The sandbox pattern for production: a user asks for a report through a web interface, the agent plans and orchestrates, code runs inside a sandboxed container, the container queries the database through a read-only connection, and the finished report flows back to the user. The user never touches the database. The agent never escapes the sandbox. This is defense in depth.

5.8 From prototype to production

The reporting app on your laptop is a prototype. Moving it to production adds infrastructure, not intelligence.

Production adds SSO authentication so only authorized users can generate reports, scheduled runs so weekly reports are generated automatically, logging so every query and LLM call is recorded for compliance, and read-only database credentials so the agent cannot modify data.

The reporting pipeline you prototyped is the same artifact that powers the production tool. IT wraps it in infrastructure; you provide the domain knowledge and the prompt.

5.9 Exercises

Open your coding agent in a folder containing the Chinook database and your SKILL.md from Chapter 4. Give it a single compound instruction that requires at least three steps.

For example: “Query the Chinook database for the top ten artists by revenue. Create a bar chart. Write a one-paragraph executive summary. Save the chart and summary to a reports folder.”
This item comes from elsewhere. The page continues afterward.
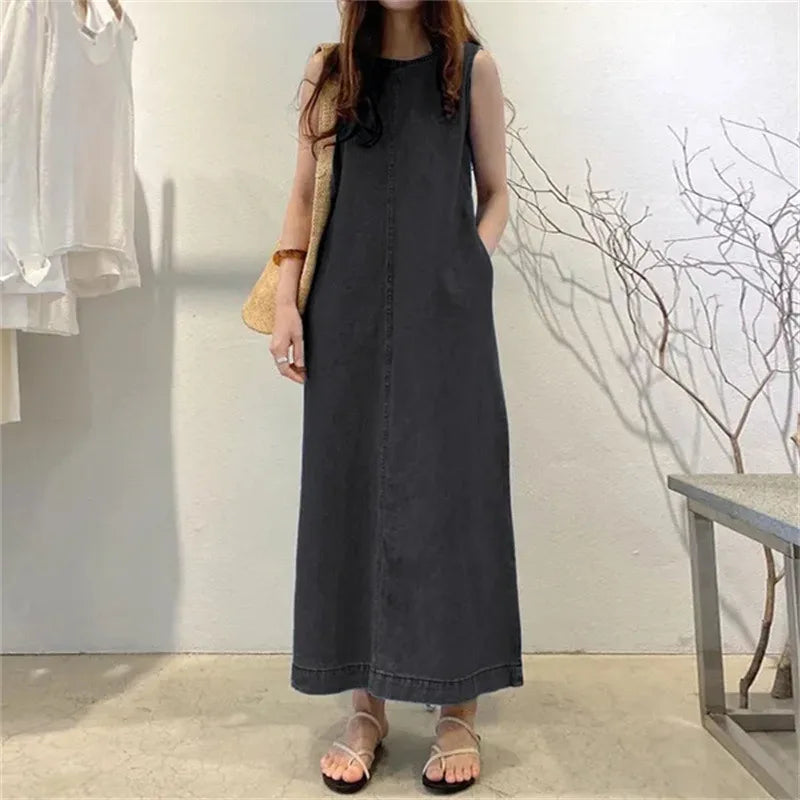 Maelina™ Denim Dress with Relaxed Fit, Side Pockets and Wide Straps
Observe the agent loop. How many distinct tool calls does the agent make? Does it check its own work? If the output is not right, refine your prompt and try again.

Use the example prompt from the “Building it with your coding agent” section to build the reporting app. Give the prompt to your coding agent and let it generate the app.
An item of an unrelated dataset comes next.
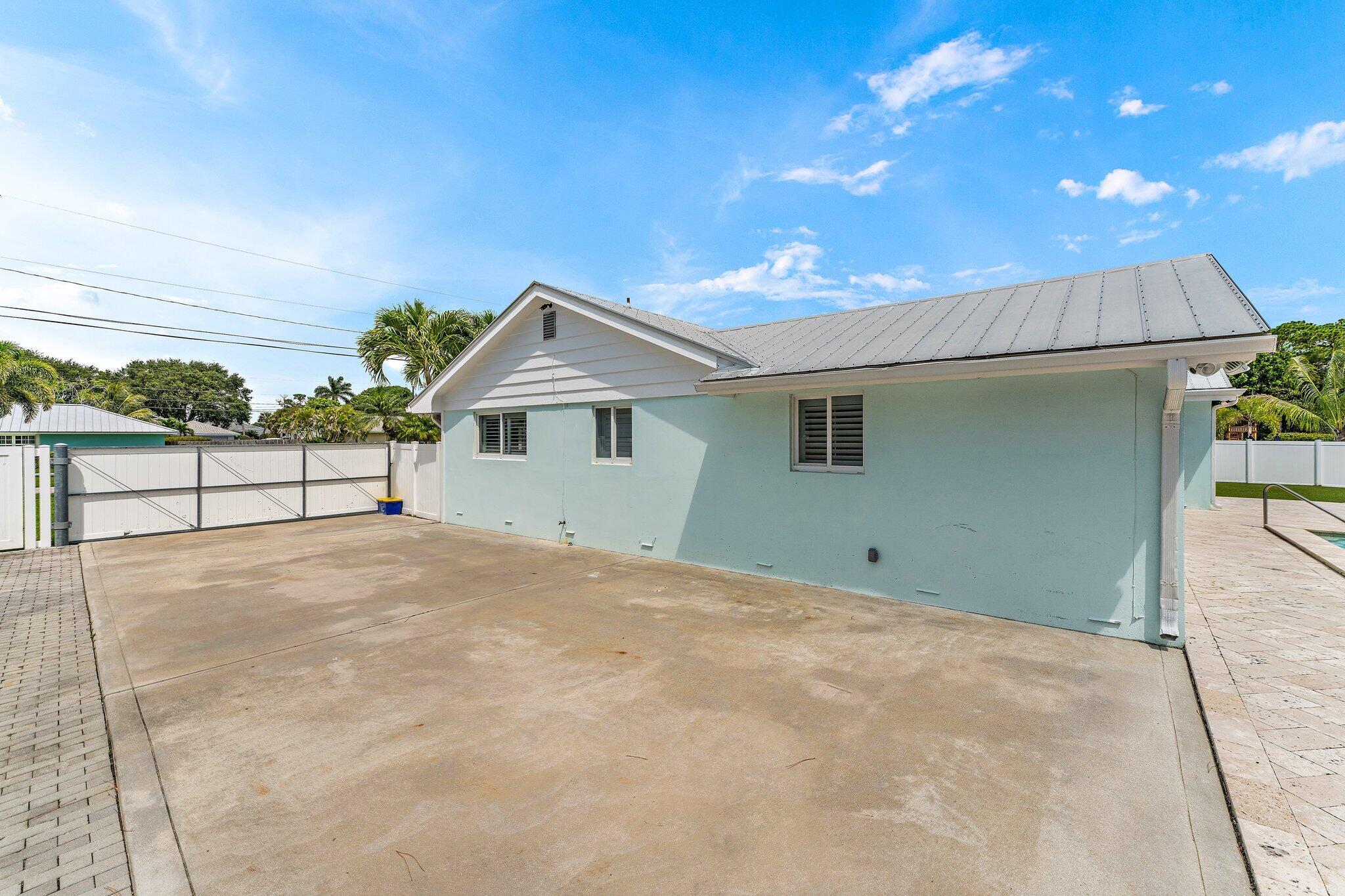 78 Golfview Drive Tequesta, FL 33469 - Photo 40 of 50 042-78GolfviewDr-Jupiter-FL-SMALL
Test all five reports. For each, verify that the SQL returns correct data, the chart matches the data, the executive summary references actual numbers, and the PowerPoint has three slides.

If anything is wrong, refine your prompt and regenerate. Keep notes on what you changed and why.
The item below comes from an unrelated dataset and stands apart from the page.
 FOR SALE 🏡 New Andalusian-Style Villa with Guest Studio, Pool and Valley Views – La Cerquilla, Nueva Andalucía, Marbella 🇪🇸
Consider the task: “Prepare the quarterly business review for the CEO.”

List the five to seven steps a human analyst would take to complete this task. For each step, identify what tool the agent would use and what data it would need. Mark which steps need human approval before the agent continues.

Then write a single prompt that describes the full workflow for an agent.

Adapt the reporting pattern to a dataset from your work. Pick a database, spreadsheet, or API that you query regularly.

Write an agent prompt that generates a report from your data — including the SQL (or data-fetching logic), chart type, summary style, and output format. Give the prompt to your coding agent and test the result.

If you cannot use real work data, use a public dataset: the Northwind database, NYC taxi data, or any CSV from your field.

Review your team’s recurring tasks and identify five that are multi-step, repetitive, and data-driven — good candidates for agent automation.

For each, describe the trigger (what starts the task), the steps (what happens), the output (what gets delivered), and the frequency (how often it runs). Rate each on automation potential (high, medium, or low) and risk level (high, medium, or low).

Pick the highest-potential, lowest-risk workflow as your pilot candidate and write one paragraph explaining why you would start there.